Dataset items
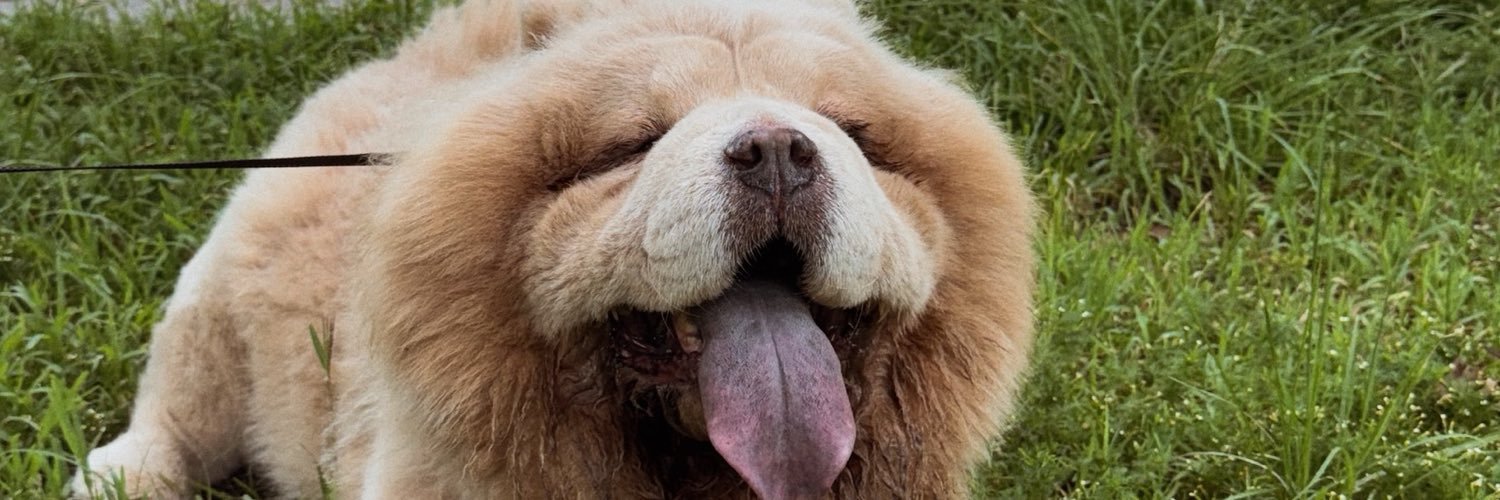 andreareneroo's profile banner image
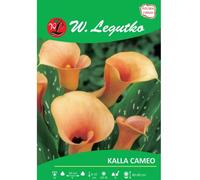 Kalla Cameo salmón 1 unidad.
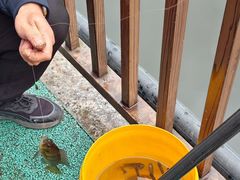-重庆彩云湖湿地公园
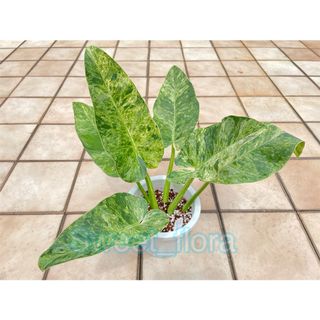 （分類：）位於 。 由 sweet_flora 提交（商品編號 1081295498，圖片 1）。簡介： 。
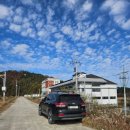 배수장 | 의성 배스낚시 핫스팟 | 신하 배수장 사이즈는 작아도 힘 좋은 마릿수 손맛 (훌치기 꾼 등장)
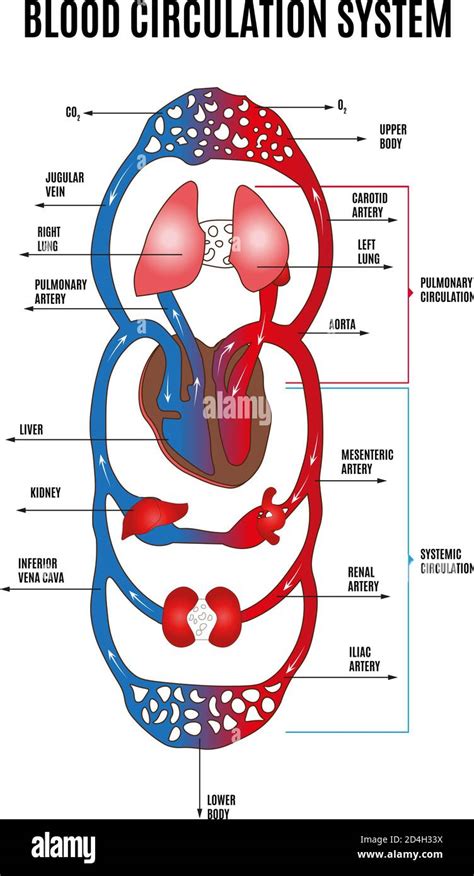 circulatory system diagram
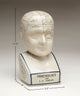 Crackle Ceramic Phrenology Bust, White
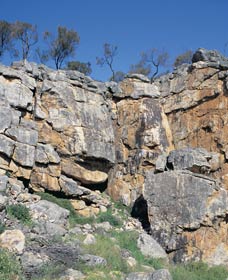 Watheroo National Park - Mackay Tourism 0
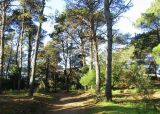 Paseo del Pinar. Que hacer en Monte Hermoso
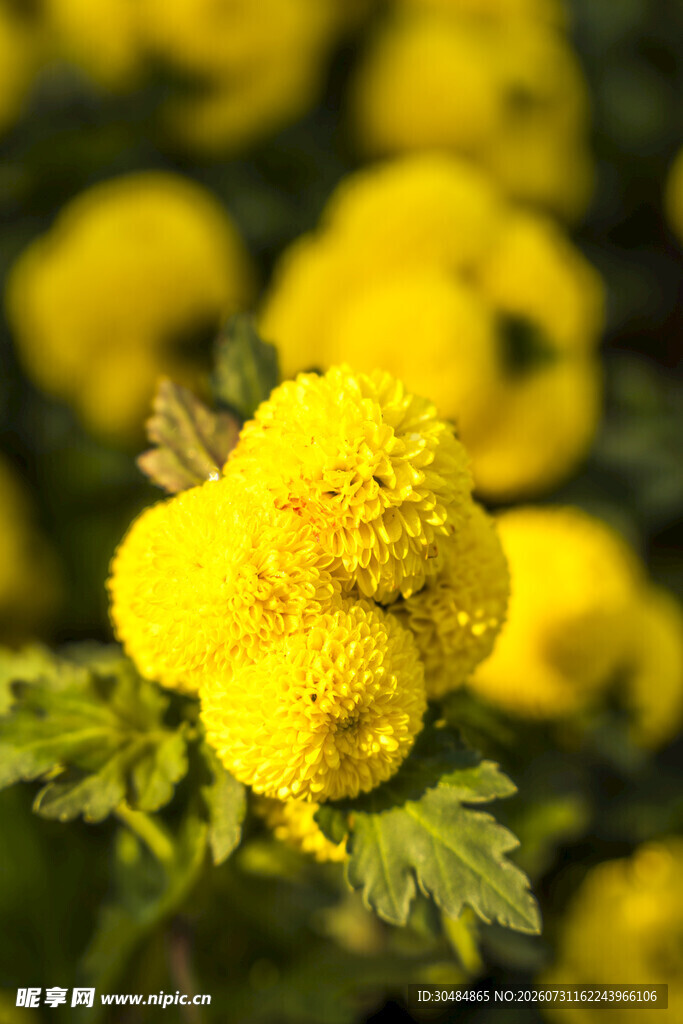 黄色绒球菊花特写
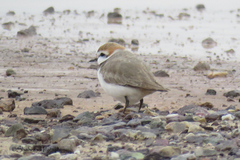 Charadrius alexandrinus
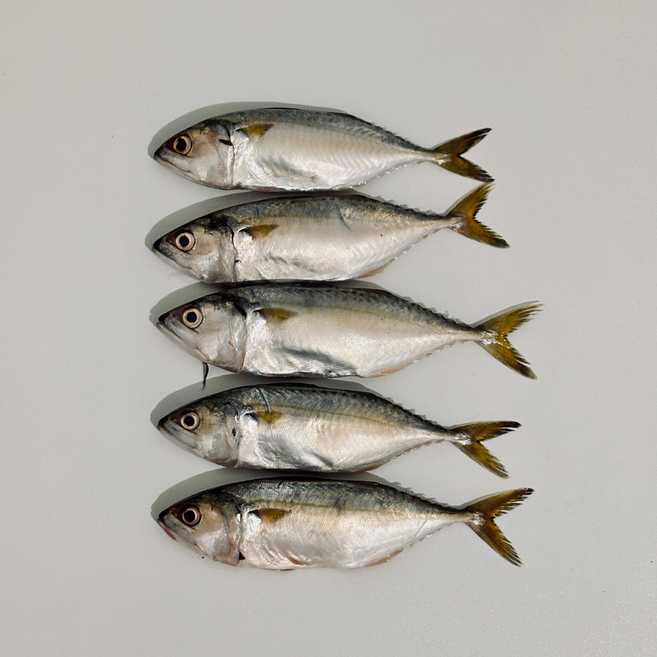 [당일조업] 생물 알배기 참조기 신선, 1개, 1kg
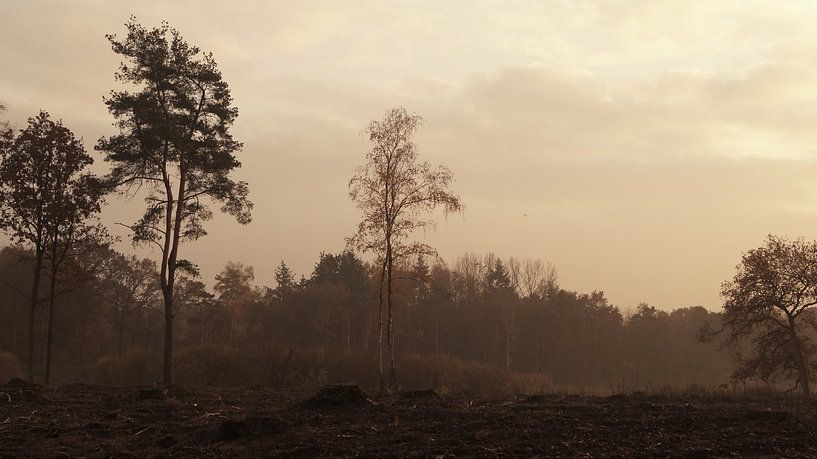 Forest full of fog by Esmée Kiezebrink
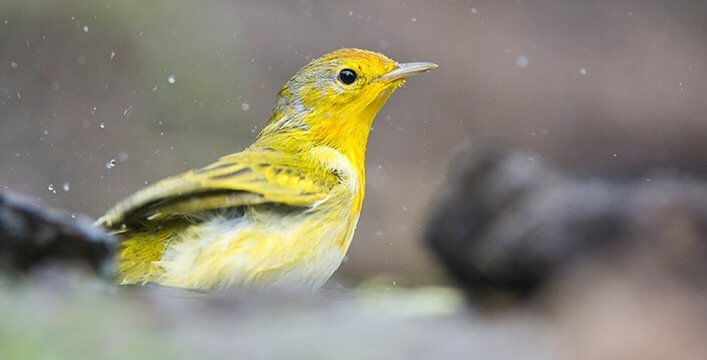 Visitors and residents can contribute sightings of birds such as the Yellow Warbler with the BirdsEye app.
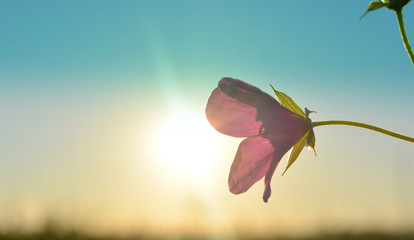 A beautiful gentle pink flower stretches towards the sun. Evening natural landscape landscape. Summer sunset. Nature .Pastel composition.Selective focus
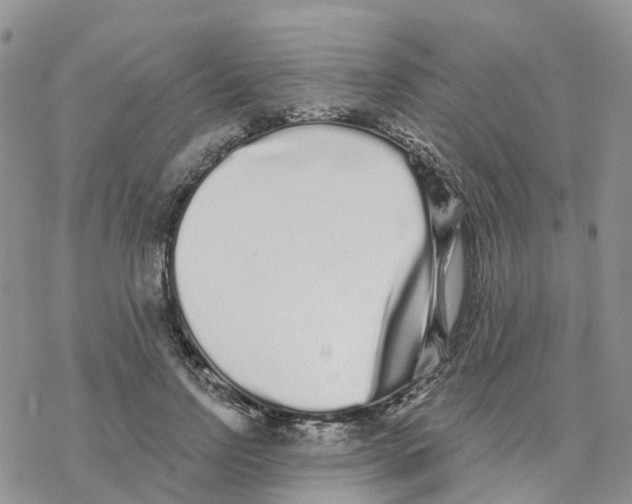 X0000077310742200611171717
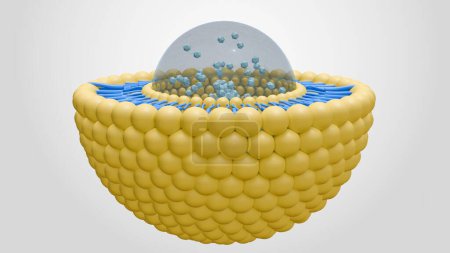 3d renderizado de nanomedicina dentro de la bicapa lipídica liposoma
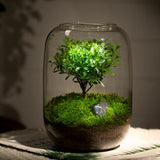 Maxbell Vase Glass Glass Empty Bottle for Home Office Ornament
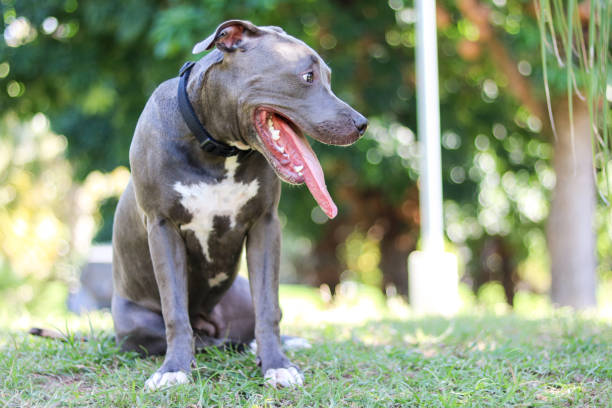 istock Pit bull puppy dog playing and having fun in the park. Selective focus. 1337710575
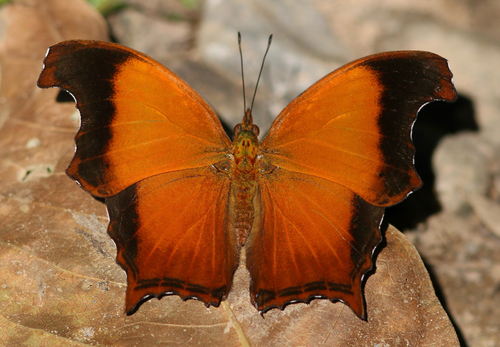 Rhinopalpa polynice Cramer, 1780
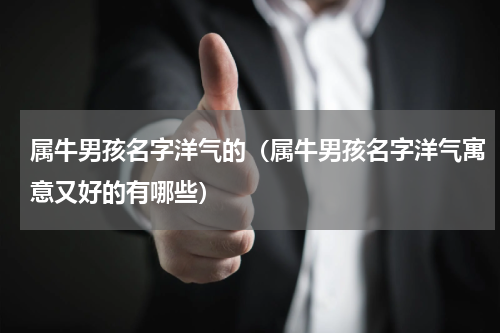 属牛男孩名字洋气的（属牛男孩名字洋气寓意又好的有哪些）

> _DESCRIPTION OF THE TASK_
The expected output is an exact retyping of the lines from the line with "Crackle Ceramic Phrenology Bust, White" through the last line of the data, with both ends kept and the pictures dropped.

> _EXERCISE OUTPUT_
 Crackle Ceramic Phrenology Bust, White
 Watheroo National Park - Mackay Tourism 0
 Paseo del Pinar. Que hacer en Monte Hermoso
 黄色绒球菊花特写
 Charadrius alexandrinus
 [당일조업] 생물 알배기 참조기 신선, 1개, 1kg
 Forest full of fog by Esmée Kiezebrink
 Visitors and residents can contribute sightings of birds such as the Yellow Warbler with the BirdsEye app.
 A beautiful gentle pink flower stretches towards the sun. Evening natural landscape landscape. Summer sunset. Nature .Pastel composition.Selective focus
 X0000077310742200611171717
 3d renderizado de nanomedicina dentro de la bicapa lipídica liposoma
 Maxbell Vase Glass Glass Empty Bottle for Home Office Ornament
 istock Pit bull puppy dog playing and having fun in the park. Selective focus. 1337710575
 Rhinopalpa polynice Cramer, 1780
 属牛男孩名字洋气的（属牛男孩名字洋气寓意又好的有哪些）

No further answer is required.